2) Wyjaśnij, dlaczego Niemcy postanowili wymordować cały naród żydowski.
3) Omów, czym było getto, a czym obóz koncentracyjny.
Ocalony
Zbierz – na podstawie różnych źródeł wiedzy – wiadomości na temat biografii i losów Ireny Sendlerowej i Janusza Korczaka.
Zastanów się i powiedz, czy znasz jakieś osoby żydowskiego pochodzenia.
prof. Michał Głowiński
literaturoznawca i pisarz, profesor Instytutu Badań Literackich. Głowiński zasłynął znakomitymi książkami na temat teorii literatury oraz historii literatury polskiej. W ostatnich latach zaczął pisać prozę wspomnieniową. Głównym tematem książek literackich Michała Głowińskiego są wspomnienia z czasów II wojny światowej. Bez wątpienia najwspanialszą z tych książek są Czarne sezony.
Do przeczytania
Czarne sezonyUłamki z getta
Słowo
Pamiętam, kiedy je usłyszałem po raz pierwszy. Na samym początku wojny, tuż po klęsce. Dochodziło do moich uszu, jak deliberowano: zamkną nas w getcie czy nie zamkną? Nie wiedziałem, co słowo to znaczy, zdawałem sobie jednak sprawę, że łączy się z przeprowadzką; orientowałem się, że dorośli mówią o tym z trwogą, ale mnie się wydawało, że będzie to ciekawa przygoda. I w końcu sobie wyobraziłem, że owo tajemnicze i niezrozumiałe getto to ogromny wielopiętrowy powóz, jeżdżący po ulicach miasta, ciągnięty przez kilkanaście koni. To w takim właśnie powozie nas umieszczą, zamieszkamy w nim – i okaże się to całkiem ciekawe i zabawne. Wyobrażałem sobie, że znajdzie się w nim wiele różnych schodów, tak że swobodnie będzie można przebiegać z piętra na piętro, a również okien nie zabraknie, nic zatem nie stanie na przeszkodzie, by się przyglądać nieznanemu światu. Ów fantazyjny powóz wyobrażałem sobie na wzór karawanu, czarnego powozu śmierci, jaki widywało się w naszym mieście.

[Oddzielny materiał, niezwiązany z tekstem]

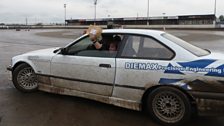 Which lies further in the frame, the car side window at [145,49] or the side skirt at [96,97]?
Answer: the side skirt at [96,97]

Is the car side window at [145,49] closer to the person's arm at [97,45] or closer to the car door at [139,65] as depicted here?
the car door at [139,65]

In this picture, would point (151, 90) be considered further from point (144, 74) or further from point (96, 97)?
point (96, 97)

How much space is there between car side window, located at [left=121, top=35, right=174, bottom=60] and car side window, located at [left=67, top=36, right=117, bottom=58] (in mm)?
324

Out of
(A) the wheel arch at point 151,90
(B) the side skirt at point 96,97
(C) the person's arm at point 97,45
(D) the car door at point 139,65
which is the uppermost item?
(C) the person's arm at point 97,45

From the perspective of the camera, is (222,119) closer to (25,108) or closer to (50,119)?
(50,119)

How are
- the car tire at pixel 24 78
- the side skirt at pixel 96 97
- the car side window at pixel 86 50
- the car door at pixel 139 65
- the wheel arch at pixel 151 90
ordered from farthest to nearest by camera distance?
the car tire at pixel 24 78 < the car side window at pixel 86 50 < the side skirt at pixel 96 97 < the car door at pixel 139 65 < the wheel arch at pixel 151 90

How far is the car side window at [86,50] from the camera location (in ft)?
15.9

Szybko jednak dane mi było rozstać się z tymi dziecięcymi fantasmagoriamifantasmagoriami – rzeczywiście przeprowadziliśmy się, ale nie stało się to fascynującą przygodą. A precyzyjnego znaczenia słowa nauczyć mnie miały w najbliższej przyszłości bezpośrednie doświadczenia. Już wkrótce nie żywiłem żadnych wątpliwości co do jego sensów, choć jeszcze niedawno brzmiało tak tajemniczo, egzotycznie, intrygująco.
Kolor
Wciąż tej przestrzeni okolonej murami nie rozumiem, nie jestem w stanie jej ogarnąć i nad nią zapanować, nie potrafię odnaleźć zasad, które ją organizowały, stanowi ona dla mnie nadal chaos, jakiego nie sposób pojąć. I tak się dzieje nie tylko wówczas, gdy ją wspominam, gdy usiłuję ją sobie przypomnieć taką, jaką postrzegałem w czasie, gdy byłem w niej zamknięty. Tak się dzieje także wtedy, gdy patrzę na plan żydowskiej dzielnicy, która jakże szybko miała się okazać terenem zbiorowej śmierci. [...] Nie przebywałem w niej, rzecz jasna, w czasie, w którym obowiązywała godzina policyjna i kiedy z natury rzeczy wszystko było wyludnione, widziałem te drogi za dnia – i byłem jednym z tłumu, tłumu gęstego, przez który trudno było się przecisnąć. [...]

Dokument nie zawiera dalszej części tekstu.